» PROBLEM DETAILS:
There is one span to output from the data below: the lines starting at the line with "5410 Flora Avenue, Holiday, FL 34690 Photo" and ending at the line with "Simkhai Doreen Jacket". Output it exactly, ends included, nothing more.

» MATERIAL PROVIDED:
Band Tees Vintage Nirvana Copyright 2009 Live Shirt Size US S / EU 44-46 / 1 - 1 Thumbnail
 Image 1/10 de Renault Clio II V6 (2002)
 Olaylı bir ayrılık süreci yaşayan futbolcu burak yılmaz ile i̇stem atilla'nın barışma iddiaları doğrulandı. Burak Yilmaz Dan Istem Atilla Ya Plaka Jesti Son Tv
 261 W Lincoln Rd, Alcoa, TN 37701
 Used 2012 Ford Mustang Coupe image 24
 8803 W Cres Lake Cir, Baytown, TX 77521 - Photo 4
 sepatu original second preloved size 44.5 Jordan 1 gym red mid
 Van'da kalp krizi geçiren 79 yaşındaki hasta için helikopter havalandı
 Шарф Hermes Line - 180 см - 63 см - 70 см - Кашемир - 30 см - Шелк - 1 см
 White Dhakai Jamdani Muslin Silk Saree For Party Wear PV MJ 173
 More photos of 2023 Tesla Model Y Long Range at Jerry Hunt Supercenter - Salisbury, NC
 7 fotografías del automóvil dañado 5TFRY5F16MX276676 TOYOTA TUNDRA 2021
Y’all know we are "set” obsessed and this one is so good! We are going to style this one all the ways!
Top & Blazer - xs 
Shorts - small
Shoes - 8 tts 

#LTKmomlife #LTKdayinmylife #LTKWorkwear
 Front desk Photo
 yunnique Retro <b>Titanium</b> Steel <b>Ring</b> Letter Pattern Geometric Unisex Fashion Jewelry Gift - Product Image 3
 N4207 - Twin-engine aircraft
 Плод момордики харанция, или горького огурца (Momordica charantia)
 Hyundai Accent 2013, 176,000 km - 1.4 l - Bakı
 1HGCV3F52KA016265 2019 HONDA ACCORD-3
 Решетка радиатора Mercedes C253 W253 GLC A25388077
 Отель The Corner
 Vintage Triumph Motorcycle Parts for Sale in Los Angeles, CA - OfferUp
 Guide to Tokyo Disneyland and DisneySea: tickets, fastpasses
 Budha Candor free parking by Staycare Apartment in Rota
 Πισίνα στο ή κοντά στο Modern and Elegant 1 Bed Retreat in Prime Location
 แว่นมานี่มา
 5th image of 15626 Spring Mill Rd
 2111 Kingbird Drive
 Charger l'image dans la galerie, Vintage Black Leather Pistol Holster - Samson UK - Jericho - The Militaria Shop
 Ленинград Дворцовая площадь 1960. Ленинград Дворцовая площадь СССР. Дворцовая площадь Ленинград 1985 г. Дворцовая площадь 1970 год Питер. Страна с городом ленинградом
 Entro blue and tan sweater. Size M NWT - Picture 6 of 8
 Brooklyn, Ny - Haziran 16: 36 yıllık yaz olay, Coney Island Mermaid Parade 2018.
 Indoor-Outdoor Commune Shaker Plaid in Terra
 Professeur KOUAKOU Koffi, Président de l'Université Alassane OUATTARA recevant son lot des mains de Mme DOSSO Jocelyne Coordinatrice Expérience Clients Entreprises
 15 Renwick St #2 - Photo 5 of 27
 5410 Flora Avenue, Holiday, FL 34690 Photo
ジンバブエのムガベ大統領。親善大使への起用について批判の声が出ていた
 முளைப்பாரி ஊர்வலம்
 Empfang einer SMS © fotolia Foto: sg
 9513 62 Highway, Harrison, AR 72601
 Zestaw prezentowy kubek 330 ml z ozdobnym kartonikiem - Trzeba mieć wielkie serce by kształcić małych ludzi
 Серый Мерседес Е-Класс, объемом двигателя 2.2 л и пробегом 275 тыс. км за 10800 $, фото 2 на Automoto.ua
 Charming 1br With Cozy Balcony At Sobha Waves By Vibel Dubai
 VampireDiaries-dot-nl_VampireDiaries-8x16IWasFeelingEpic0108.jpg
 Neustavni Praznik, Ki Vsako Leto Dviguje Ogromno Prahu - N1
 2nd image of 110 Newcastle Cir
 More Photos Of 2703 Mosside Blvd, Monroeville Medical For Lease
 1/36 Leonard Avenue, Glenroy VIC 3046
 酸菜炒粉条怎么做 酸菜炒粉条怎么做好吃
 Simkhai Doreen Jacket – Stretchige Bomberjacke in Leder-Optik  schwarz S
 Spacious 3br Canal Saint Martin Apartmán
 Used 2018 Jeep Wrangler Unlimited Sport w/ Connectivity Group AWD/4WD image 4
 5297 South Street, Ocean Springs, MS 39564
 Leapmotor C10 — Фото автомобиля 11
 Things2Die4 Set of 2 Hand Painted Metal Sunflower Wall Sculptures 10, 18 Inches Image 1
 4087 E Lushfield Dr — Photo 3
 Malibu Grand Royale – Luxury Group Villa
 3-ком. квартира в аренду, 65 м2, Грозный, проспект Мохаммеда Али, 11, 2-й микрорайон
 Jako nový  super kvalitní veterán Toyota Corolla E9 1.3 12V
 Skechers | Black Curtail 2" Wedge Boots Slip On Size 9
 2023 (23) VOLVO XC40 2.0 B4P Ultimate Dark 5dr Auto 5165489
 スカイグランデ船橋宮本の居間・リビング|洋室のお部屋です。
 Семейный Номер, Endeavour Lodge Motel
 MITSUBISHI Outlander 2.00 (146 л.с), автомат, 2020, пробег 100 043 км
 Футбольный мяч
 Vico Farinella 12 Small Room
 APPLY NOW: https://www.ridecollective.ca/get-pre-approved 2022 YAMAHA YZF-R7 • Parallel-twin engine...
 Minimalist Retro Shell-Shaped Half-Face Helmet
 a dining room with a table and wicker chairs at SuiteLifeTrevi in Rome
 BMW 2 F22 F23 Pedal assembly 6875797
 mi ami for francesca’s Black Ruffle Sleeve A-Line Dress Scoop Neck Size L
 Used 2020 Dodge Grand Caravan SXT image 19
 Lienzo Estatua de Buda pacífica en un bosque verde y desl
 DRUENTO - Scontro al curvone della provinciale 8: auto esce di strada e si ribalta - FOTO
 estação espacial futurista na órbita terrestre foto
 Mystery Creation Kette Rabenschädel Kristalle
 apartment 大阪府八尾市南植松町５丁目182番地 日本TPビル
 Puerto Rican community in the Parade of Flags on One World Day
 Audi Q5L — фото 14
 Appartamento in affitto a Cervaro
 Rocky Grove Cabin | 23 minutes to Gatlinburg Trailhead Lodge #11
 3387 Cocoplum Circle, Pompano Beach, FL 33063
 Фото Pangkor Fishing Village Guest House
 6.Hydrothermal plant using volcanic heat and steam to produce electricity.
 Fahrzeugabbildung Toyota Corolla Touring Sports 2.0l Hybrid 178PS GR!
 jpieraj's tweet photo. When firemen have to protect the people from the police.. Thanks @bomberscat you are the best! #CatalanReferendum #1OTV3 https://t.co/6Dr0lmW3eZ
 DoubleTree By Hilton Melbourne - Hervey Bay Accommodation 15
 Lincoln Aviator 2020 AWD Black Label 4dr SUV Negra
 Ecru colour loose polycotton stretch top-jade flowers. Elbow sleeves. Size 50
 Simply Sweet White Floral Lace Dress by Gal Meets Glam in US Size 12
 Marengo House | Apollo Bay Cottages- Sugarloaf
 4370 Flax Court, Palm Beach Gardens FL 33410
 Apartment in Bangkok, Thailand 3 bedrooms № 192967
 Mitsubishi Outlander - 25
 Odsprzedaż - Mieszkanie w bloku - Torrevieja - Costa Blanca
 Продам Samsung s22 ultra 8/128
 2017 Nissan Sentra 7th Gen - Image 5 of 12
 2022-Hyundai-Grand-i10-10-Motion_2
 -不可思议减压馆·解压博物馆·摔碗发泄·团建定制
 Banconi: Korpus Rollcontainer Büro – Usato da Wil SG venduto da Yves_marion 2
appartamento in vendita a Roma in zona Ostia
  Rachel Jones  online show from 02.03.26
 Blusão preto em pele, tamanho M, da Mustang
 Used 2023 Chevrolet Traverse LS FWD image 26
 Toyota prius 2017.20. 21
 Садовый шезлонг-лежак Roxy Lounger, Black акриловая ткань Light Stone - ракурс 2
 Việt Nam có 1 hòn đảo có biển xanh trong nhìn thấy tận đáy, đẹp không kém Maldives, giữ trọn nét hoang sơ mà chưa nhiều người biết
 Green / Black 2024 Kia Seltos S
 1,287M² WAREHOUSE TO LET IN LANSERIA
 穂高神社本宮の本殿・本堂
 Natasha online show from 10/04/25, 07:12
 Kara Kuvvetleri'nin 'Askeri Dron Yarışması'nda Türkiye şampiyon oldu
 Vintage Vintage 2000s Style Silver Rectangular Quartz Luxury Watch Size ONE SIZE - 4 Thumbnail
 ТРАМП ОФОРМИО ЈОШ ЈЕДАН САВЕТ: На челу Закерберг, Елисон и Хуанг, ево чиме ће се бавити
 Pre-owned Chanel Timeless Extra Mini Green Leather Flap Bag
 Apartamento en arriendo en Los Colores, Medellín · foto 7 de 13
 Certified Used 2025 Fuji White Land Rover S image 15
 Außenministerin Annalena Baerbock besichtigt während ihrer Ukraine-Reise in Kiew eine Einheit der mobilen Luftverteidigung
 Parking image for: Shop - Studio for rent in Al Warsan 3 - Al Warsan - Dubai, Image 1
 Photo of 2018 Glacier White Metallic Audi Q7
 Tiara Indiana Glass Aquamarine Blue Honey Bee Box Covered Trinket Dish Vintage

» RESULT OF THE EXERCISE:
 5410 Flora Avenue, Holiday, FL 34690 Photo
ジンバブエのムガベ大統領。親善大使への起用について批判の声が出ていた
 முளைப்பாரி ஊர்வலம்
 Empfang einer SMS © fotolia Foto: sg
 9513 62 Highway, Harrison, AR 72601
 Zestaw prezentowy kubek 330 ml z ozdobnym kartonikiem - Trzeba mieć wielkie serce by kształcić małych ludzi
 Серый Мерседес Е-Класс, объемом двигателя 2.2 л и пробегом 275 тыс. км за 10800 $, фото 2 на Automoto.ua
 Charming 1br With Cozy Balcony At Sobha Waves By Vibel Dubai
 VampireDiaries-dot-nl_VampireDiaries-8x16IWasFeelingEpic0108.jpg
 Neustavni Praznik, Ki Vsako Leto Dviguje Ogromno Prahu - N1
 2nd image of 110 Newcastle Cir
 More Photos Of 2703 Mosside Blvd, Monroeville Medical For Lease
 1/36 Leonard Avenue, Glenroy VIC 3046
 酸菜炒粉条怎么做 酸菜炒粉条怎么做好吃
 Simkhai Doreen Jacket – Stretchige Bomberjacke in Leder-Optik  schwarz S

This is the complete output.